The woman took one look at the gloomy interior and decided to return to the lift. I wondered what would happen if there was a fire. There must be fire escapes elsewhere, but most people would rush to these narrow stairs. There would be a stampede, injuries, and deaths. When I returned with a soft drink bottle, there was still a crowd waiting for the lift, including a patient on a wheeled table. Many of those waiting were elderly people unable and unwilling to walk miles looking for the gloomy stair case. There should be at least two smaller lifts for visitors. But these aren’t there due to cost cutting. When I began looking for my scooter, there was a different parking attendant who didn’t know where it was. I remembered it was parked further down Norris Canal road, and began walking. There were two young men on a motorcycle looking for parking space, and they followed me. 

When I took out my scooter, the parking attendant told the duo not to park there. “She’s been waiting here for a long time,” he said rudely, pointing to a young woman on a scooter. “Don’t argue, fight, or make a scene. Go park your bike somewhere else”. He is a law unto himself. Earlier, when I began squeezing my scooter between two parked bikes, he waited till I was halfway done and then told me to take it out and park it with the rear facing the road. “In case someone knocks and damages your headlight,” he told me. The big rear light is more vulnerable than the headlight protected by the bulging front wheel and buffer. But I didn’t argue. 

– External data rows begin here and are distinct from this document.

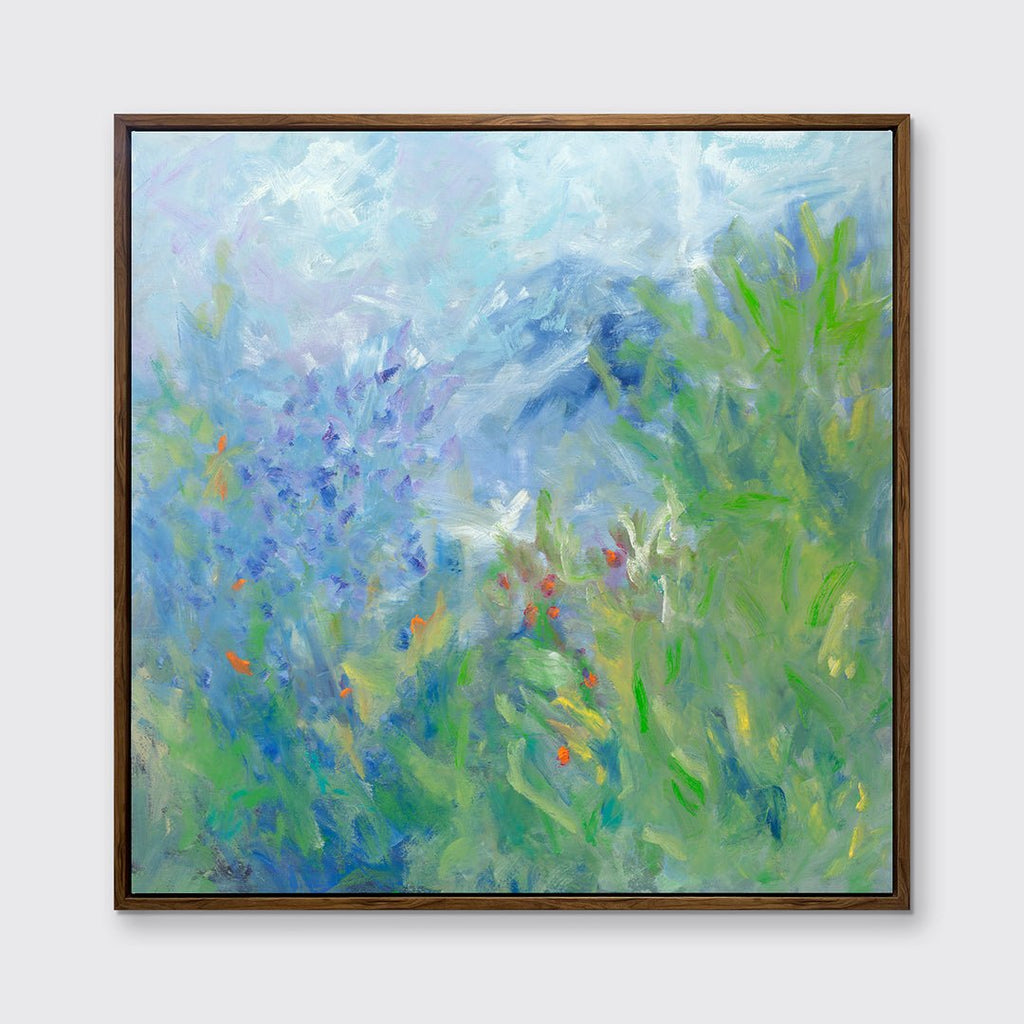 Coming Home - Open Edition Canvas Print - Liza Pruitt
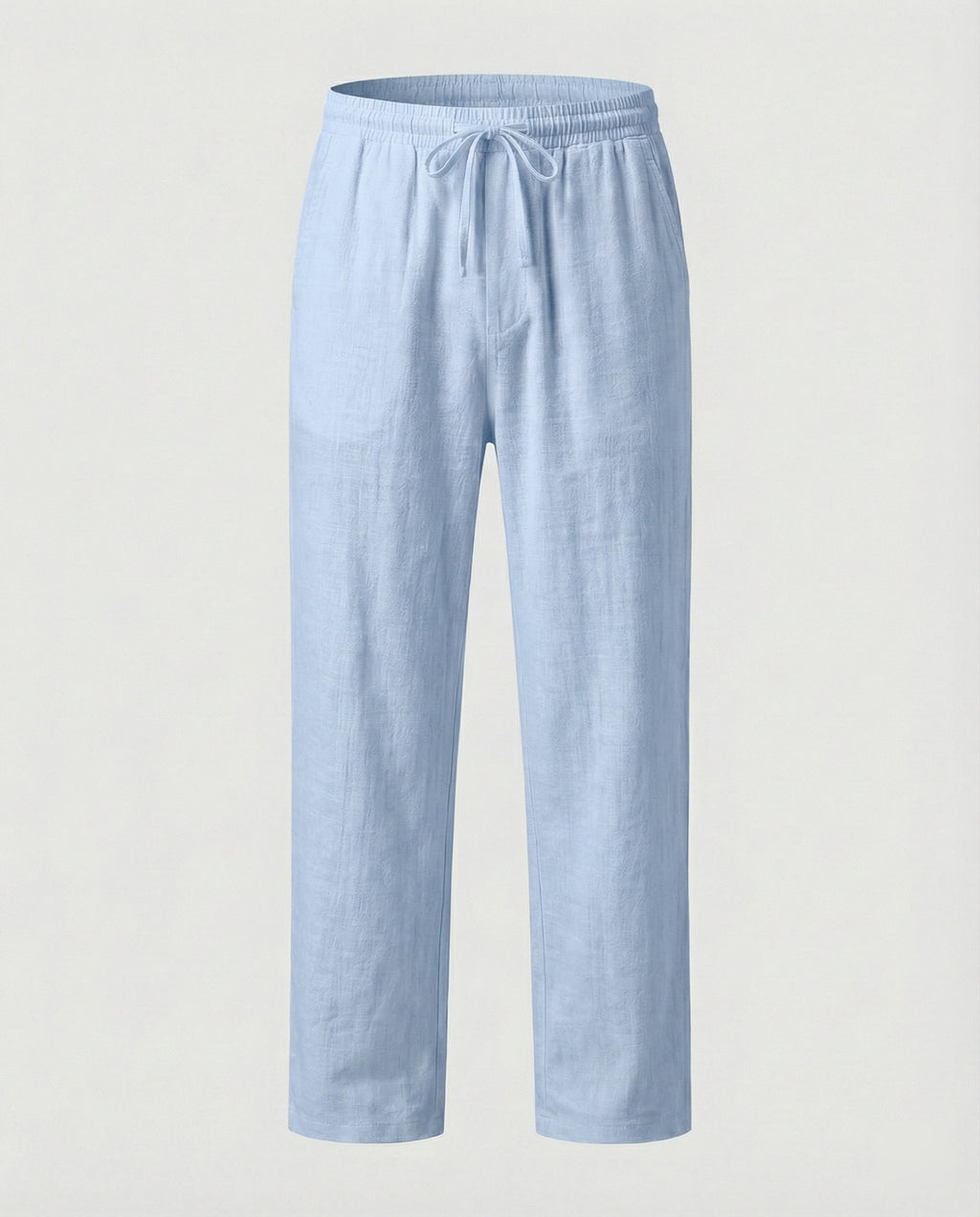 Casual linen pants men's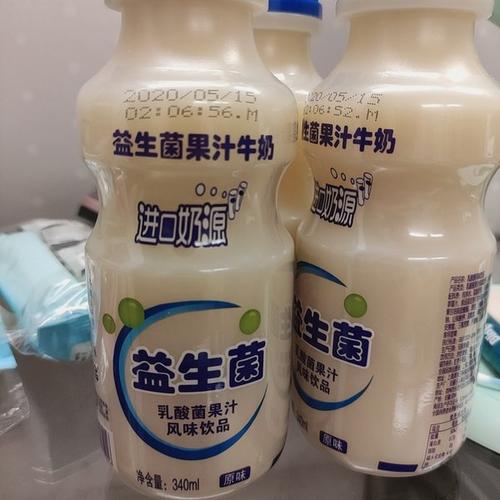 花花牛 益生菌果汁牛奶的热量和减肥功效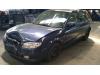 Mazda 323 Fastbreak 2.0 16V Sloopvoertuig (2001, Blauw)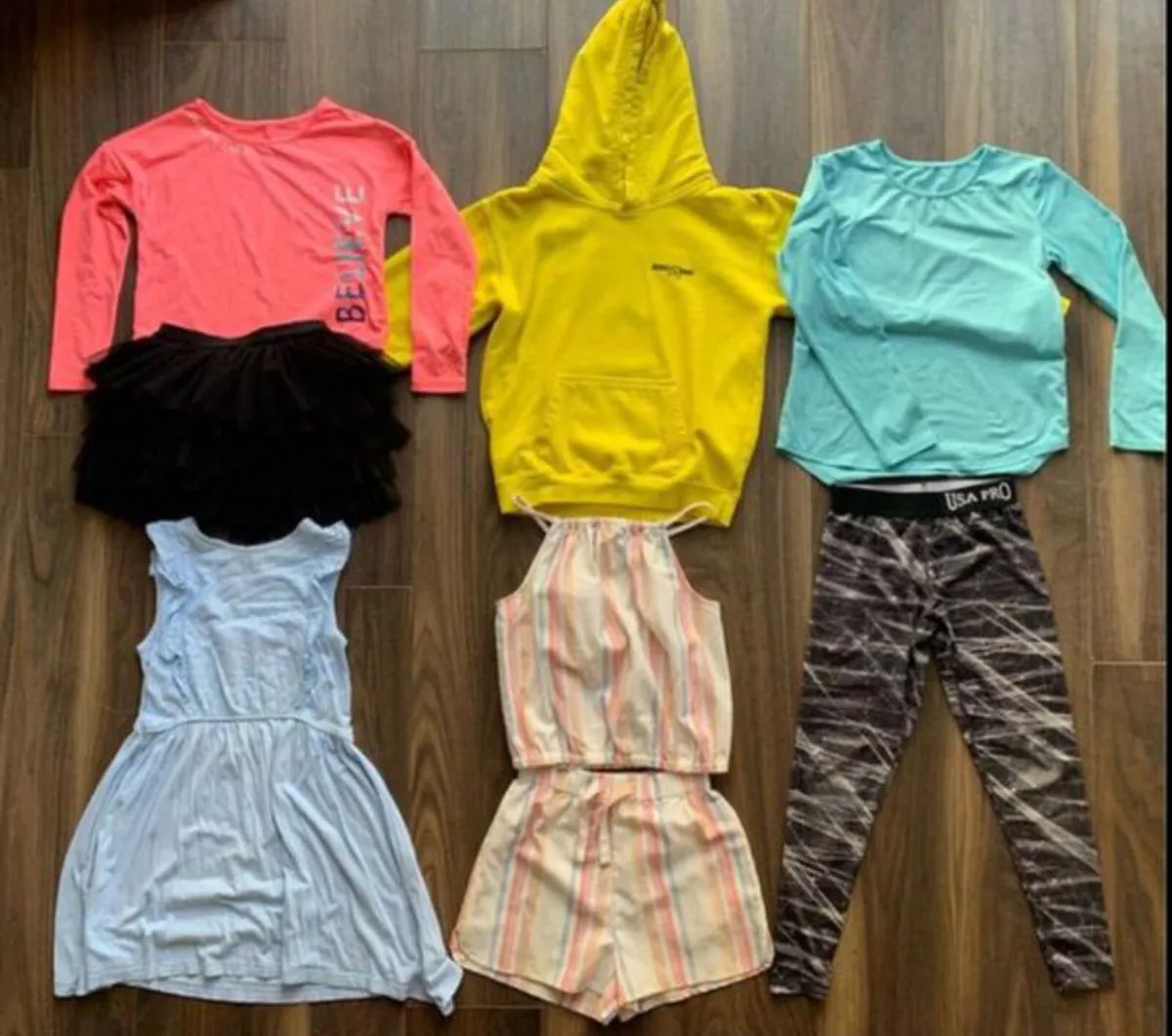 Girls Clothes Bundle: 9-10yrs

Many of those waiting were elderly people unable and unwilling to walk miles looking for the gloomy stair case. There should be at least two smaller lifts for visitors. But these aren’t there due to cost cutting


Parking even a motorcycle near the hospital is a nightmare. Older people and those with disabilities have a hard time walking from their vehicles to the OPD and other sections. All new multi-storey building complexes in Colombo have underground parking facilities. This is not a luxury, but a necessity. One can only surmise that cost cutting was the reason for planners overlooking this vital facility. Health budgets have been slashed by our governments over the years, at the expense of military spending and an oversized bureaucracy. Now the war is over, but a large military force is still maintained at the expense of the health sector. Many highly experienced doctors have migrated abroad in the past two years. The new president spoke recently about plans to digitalise the whole country in three years. All new presidents customarily present us with such tantalising utopias. Its wonderful to contemplate and would speed up the country’s progress. But progress isn’t just highways and digital networks. The population’s health comes first. We must first deal with malnutrition, high price of medicines, shortage of doctors,equipment breakdown and public inconvenience at state run hospitals.